* GIVEN INFORMATION
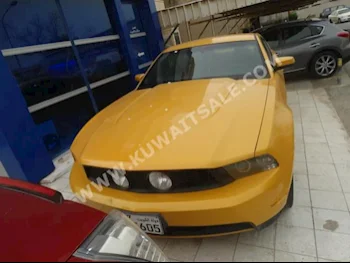 فورد  جي تي  موستانغ  2012  130,000  كوبيه \ سبورت  اتوماتك  8  جلد  دفع خلفي  أصفر  بنزين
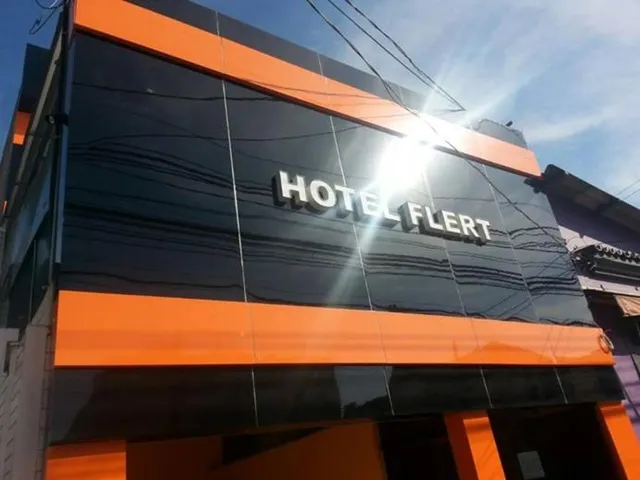 Hotel Flert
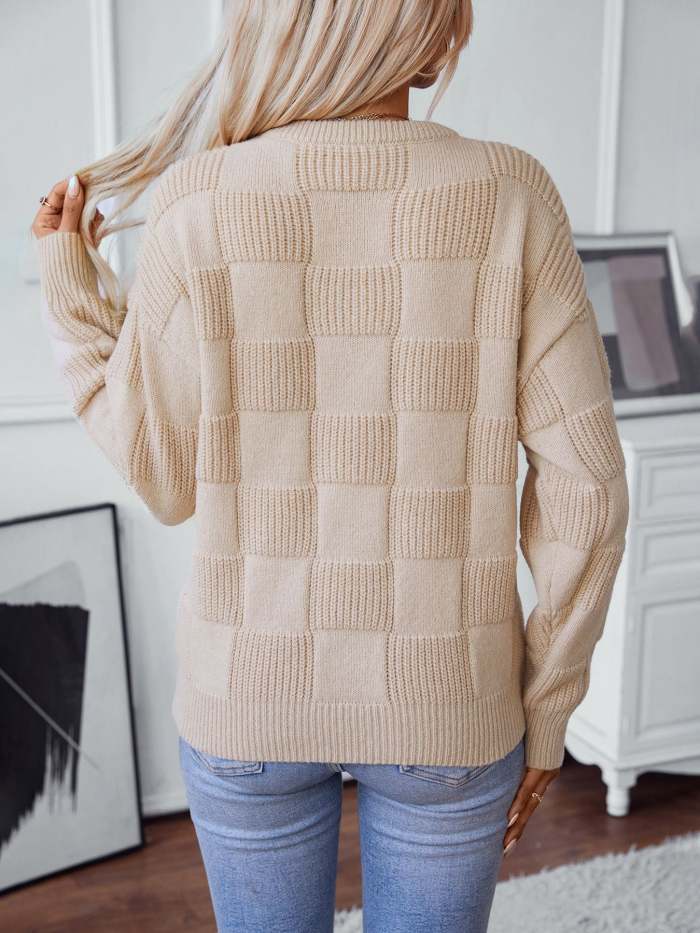 Checkerboard jacquard knit pullover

* WHAT YOU WILL DO
Leave out the pictures and print every line of the data exactly.

* SOLUTION
 فورد  جي تي  موستانغ  2012  130,000  كوبيه \ سبورت  اتوماتك  8  جلد  دفع خلفي  أصفر  بنزين
 Hotel Flert
 Checkerboard jacquard knit pullover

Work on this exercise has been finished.